Generally speaking, when a customer performs transfer (payment) to your company via merchant account, the whole payment procedure can be split into 4 major steps:
- Online payment. A customer buys something, most likely online, using his debit / credit card. This is the moment when input is being made and the payment procedure is initiated;
- Payment verification. Transaction is being processed and authorized by the payment system service provider;
- Payment transfer. Once the transaction is verified and approved, the money is transferred from your customer’s bank account to your company’s merchant account;
- Batch. Instead of transferring every single payment instantly, within next few days all payments will be accumulated on your merchant account and then transferred to your bank account in one transfer.
Advantages and disadvantages of merchant accounts
Merchant account is useful for any business in order to expand its customer base online. Meanwhile, such alternatives as PayPal present strong competition to merchant accounts due to time-consuming and complicated procedures required by banks, most vendors are willing to open a line of credit account.
Merchant accounts have several advantages over PayPal account as well. As discussed previously, with most merchant account providers, the vendor can expect to receive the funds paid by the customer within one or two days. Meanwhile, if a customer pays using PayPal, the funds are deposited into the vendors PayPal account and it remains there until the vendor requests a transfer to its checking account in a bank. Afterwards, the transfer process can take up to seven days. Furthermore, line of credit accounts tend to be more cost effective with monthly settlement service fees and/or a per-transaction fee. Meanwhile, PayPal does not charge a monthly service fee, instead charging transaction fees, which are much higher than for merchant accounts.

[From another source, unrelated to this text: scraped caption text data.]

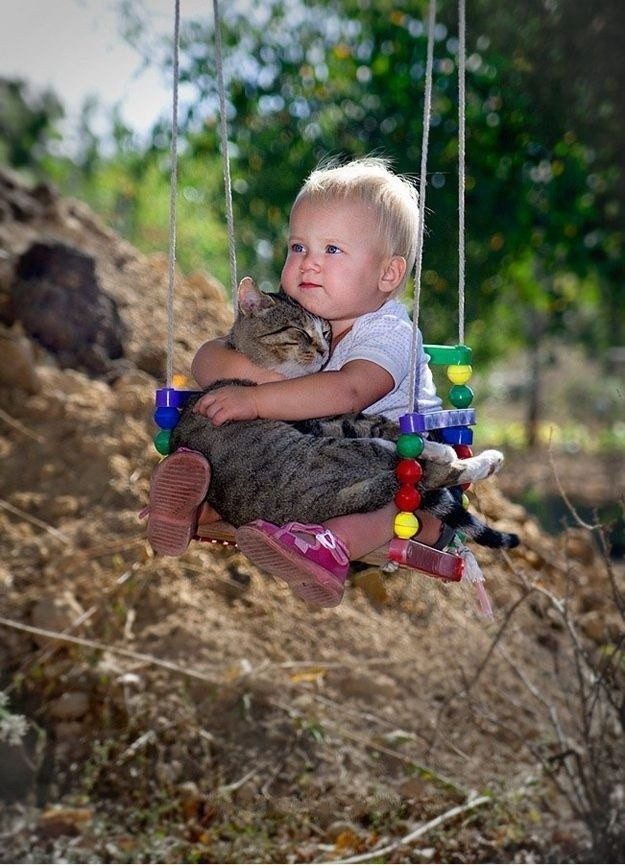 100 самых важных котофотографий всех времен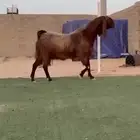 تيس قبرصي خصصم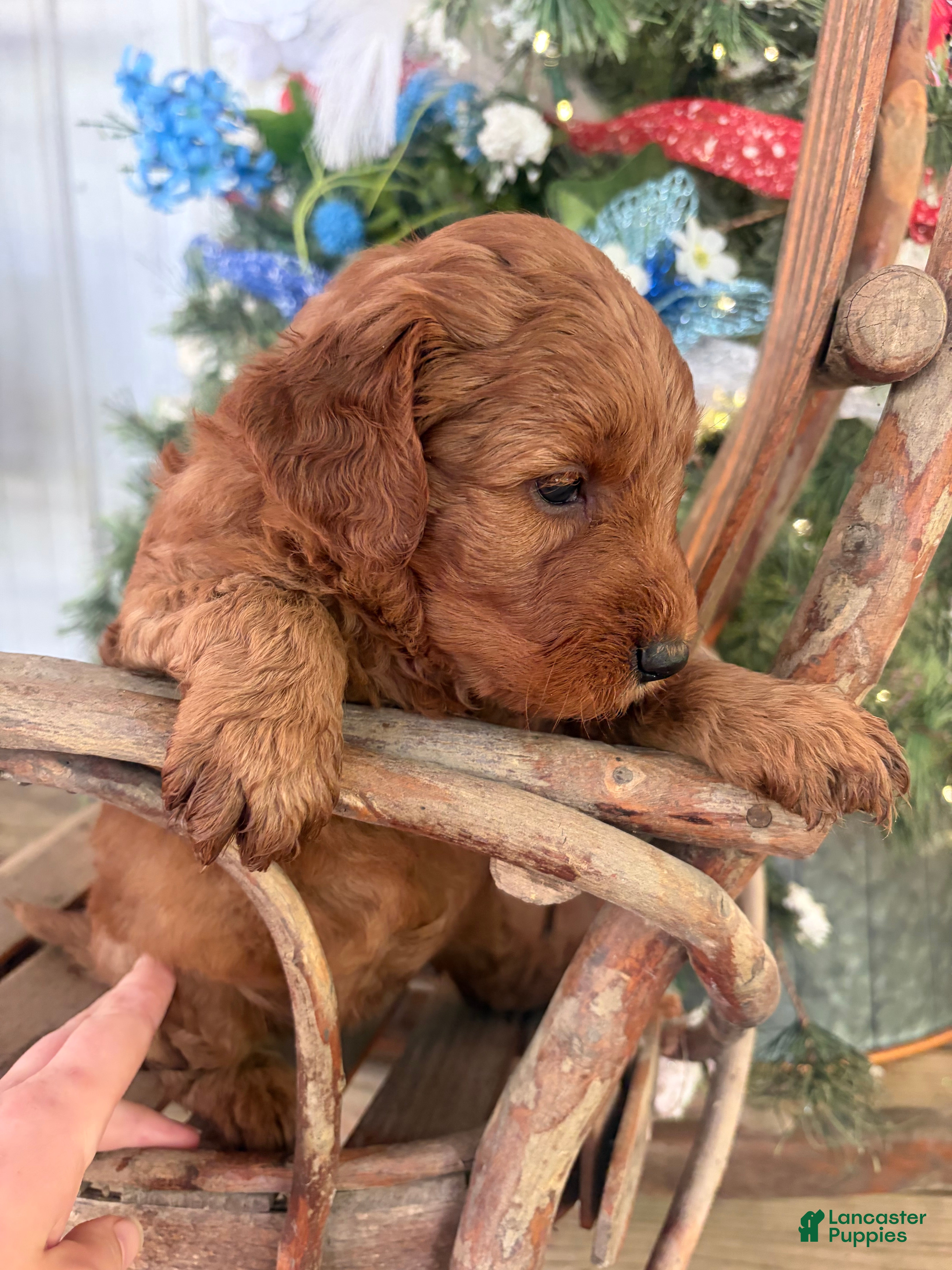 Mini Goldendoodle dogs Lilac  - Ad 17
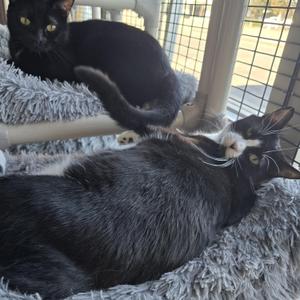 Two black cats lying on a gray blanket in a cage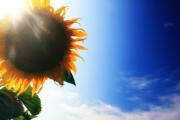 A Sunflower with blue sky background - Sunflower with blue sky background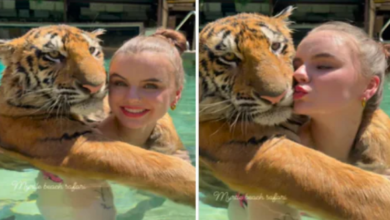 Photo of ‘लक्ष्मण’ को देखते ही दिल हार बैठी लड़की, स्विमिंग पूल में किया प्यार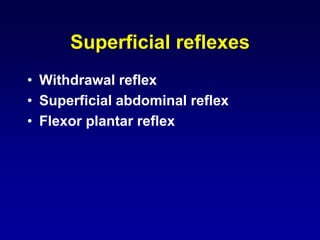 Superficial reflexes
• Withdrawal reflex
• Superficial abdominal reflex
• Flexor plantar reflex
 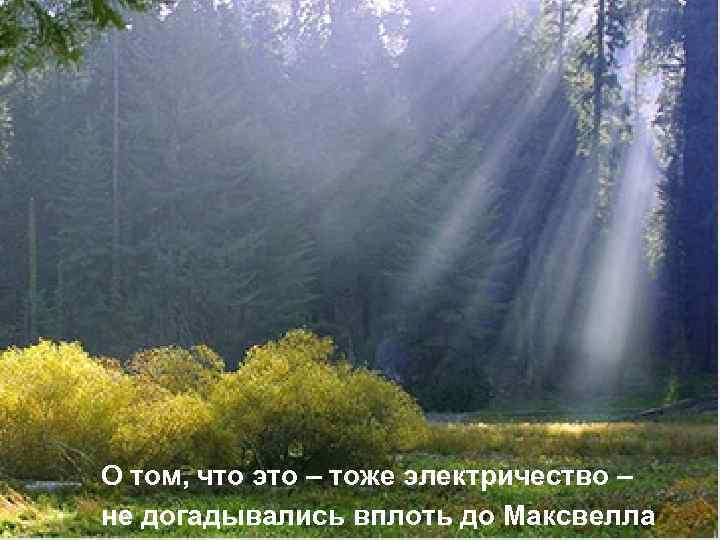 О том, что это – тоже электричество – не догадывались вплоть до Максвелла 
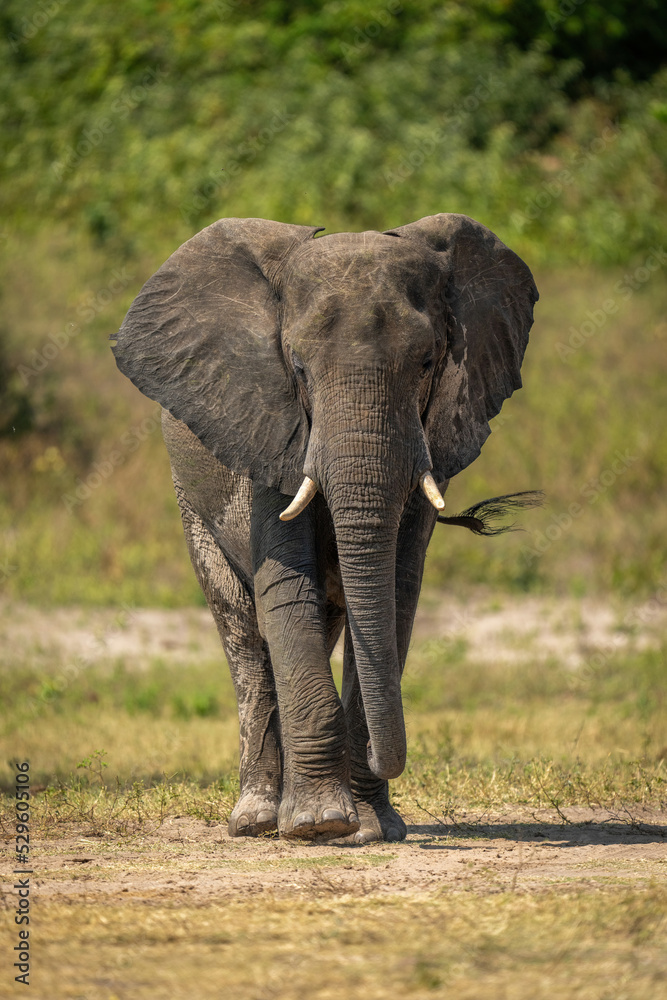 African bush elephant crosses grass in sunshine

In addition, merchant account providers charge a monthly fee, which covers quality customer service. Meanwhile, a drawback to a PayPal account is a lack of customer service. Not only it can complicate your business processes, it can also have a negative impact on your customers. To conclude, PayPal is a good option for online businesses with low volume of transactions. If your business is expanding, a merchant account will not only provide better customer service, but also save you money.
A disadvantage faced by the merchant account provider is the risk of vendor’s financial instability. Businesses usually receive payment in advance of providing the service or the product and in case the vendor is incapable of delivering the goods, while being unable to pay back the money received from the customer, the financial liability shifts to the merchant account provider.